- Ależ Aryo! - mówił Firnen - czy nie uważasz, że dobro ludu jest najważniejsze? -
- Tak Firnenie, to bardzo ważna sprawa. Ale... co ja mam wybrać? - Arya spytała - Miłość czy Węźlasty Tron? Czemu to wszystko jest takie trudne? - usiadła i znów się rozpłakała. Po chwili usłyszała szorstki głos kowalki Ruhnon.

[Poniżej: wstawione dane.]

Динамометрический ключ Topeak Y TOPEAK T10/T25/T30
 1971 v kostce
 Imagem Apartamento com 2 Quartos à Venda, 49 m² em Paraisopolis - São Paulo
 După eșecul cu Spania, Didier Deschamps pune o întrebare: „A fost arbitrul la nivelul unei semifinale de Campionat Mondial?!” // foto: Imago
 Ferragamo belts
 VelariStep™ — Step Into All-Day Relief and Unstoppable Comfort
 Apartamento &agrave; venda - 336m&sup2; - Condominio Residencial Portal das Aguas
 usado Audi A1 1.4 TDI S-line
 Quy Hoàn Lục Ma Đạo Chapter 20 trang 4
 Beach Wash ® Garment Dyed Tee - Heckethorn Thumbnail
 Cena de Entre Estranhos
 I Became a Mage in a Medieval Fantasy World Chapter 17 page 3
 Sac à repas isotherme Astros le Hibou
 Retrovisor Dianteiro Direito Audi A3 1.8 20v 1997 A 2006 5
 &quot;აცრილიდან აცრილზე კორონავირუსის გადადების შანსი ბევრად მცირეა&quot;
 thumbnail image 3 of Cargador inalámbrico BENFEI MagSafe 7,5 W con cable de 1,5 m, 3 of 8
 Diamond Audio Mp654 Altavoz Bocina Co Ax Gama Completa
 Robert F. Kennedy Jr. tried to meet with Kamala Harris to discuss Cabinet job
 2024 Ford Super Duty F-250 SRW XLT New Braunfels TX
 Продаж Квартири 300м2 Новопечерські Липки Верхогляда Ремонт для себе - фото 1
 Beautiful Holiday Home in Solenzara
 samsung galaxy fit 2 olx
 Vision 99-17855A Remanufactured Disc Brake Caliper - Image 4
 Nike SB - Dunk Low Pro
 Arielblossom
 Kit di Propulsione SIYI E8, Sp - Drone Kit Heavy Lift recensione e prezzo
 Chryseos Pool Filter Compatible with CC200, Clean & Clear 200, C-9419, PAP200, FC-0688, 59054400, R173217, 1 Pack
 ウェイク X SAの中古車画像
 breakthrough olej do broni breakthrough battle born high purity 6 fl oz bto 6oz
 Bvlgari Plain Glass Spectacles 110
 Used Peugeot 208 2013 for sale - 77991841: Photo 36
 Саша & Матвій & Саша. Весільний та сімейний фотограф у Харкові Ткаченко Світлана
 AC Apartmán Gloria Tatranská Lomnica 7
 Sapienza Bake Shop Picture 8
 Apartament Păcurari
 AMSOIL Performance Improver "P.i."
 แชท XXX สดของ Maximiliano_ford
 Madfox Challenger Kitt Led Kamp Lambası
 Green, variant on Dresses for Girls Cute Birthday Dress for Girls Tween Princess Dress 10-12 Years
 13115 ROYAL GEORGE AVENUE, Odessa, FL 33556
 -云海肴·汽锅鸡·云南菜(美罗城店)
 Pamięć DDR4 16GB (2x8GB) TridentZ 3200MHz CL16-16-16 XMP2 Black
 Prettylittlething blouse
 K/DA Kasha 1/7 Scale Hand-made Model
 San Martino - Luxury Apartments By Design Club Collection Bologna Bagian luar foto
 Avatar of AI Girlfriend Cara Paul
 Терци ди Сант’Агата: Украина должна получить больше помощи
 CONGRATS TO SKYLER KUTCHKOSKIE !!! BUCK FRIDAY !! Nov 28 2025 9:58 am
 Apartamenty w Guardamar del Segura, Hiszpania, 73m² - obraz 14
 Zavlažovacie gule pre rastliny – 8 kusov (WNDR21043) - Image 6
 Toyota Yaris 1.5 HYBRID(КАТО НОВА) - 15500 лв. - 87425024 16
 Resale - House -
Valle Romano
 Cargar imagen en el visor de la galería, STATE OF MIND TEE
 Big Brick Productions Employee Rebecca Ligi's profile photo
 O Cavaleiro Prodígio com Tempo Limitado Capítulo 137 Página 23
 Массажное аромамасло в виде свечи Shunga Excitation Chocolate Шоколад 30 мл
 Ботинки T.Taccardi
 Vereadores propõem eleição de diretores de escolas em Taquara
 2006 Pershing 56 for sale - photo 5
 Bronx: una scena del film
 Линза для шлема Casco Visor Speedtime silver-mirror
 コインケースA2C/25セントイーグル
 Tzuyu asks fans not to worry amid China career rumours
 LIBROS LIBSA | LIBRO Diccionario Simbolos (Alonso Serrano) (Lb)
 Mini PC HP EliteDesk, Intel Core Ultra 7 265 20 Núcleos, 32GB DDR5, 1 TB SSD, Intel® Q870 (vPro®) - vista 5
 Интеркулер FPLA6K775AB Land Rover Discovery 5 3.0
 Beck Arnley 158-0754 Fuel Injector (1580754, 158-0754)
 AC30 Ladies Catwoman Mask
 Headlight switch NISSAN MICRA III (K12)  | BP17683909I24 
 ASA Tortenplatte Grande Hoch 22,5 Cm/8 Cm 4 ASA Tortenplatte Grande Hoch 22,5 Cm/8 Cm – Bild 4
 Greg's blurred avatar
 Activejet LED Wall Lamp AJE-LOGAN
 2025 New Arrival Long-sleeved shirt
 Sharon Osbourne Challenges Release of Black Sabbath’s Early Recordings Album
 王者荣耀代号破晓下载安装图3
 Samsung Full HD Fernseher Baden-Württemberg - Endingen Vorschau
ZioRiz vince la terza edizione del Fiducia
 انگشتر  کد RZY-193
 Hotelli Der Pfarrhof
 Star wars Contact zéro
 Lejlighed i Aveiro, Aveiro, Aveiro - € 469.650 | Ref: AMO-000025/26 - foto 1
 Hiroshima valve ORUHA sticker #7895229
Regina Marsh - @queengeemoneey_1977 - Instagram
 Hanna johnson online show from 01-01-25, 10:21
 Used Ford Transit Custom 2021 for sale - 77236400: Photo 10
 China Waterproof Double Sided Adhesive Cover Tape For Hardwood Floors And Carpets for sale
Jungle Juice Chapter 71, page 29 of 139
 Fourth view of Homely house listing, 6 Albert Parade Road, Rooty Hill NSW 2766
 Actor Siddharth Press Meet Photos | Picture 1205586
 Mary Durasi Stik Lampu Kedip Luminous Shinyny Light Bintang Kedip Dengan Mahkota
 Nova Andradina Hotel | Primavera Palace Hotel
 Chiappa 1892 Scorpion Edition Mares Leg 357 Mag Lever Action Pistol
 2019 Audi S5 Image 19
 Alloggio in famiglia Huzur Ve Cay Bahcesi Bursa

- No i czego ryczysz? - spytała z pogardą
- Bo nie wiem co mam robić
- To idź pod drzewo Menoa. Ona powie ci wszystko. - Ruhnon uśmiechnęła się i odeszła.
Arya puściła się pędem pod drzewo Menoa. Miała nadzieję, że Linnea jej dopomoże.
Gdy tylko dobiegła, wysłała do niej krzyk myślowy.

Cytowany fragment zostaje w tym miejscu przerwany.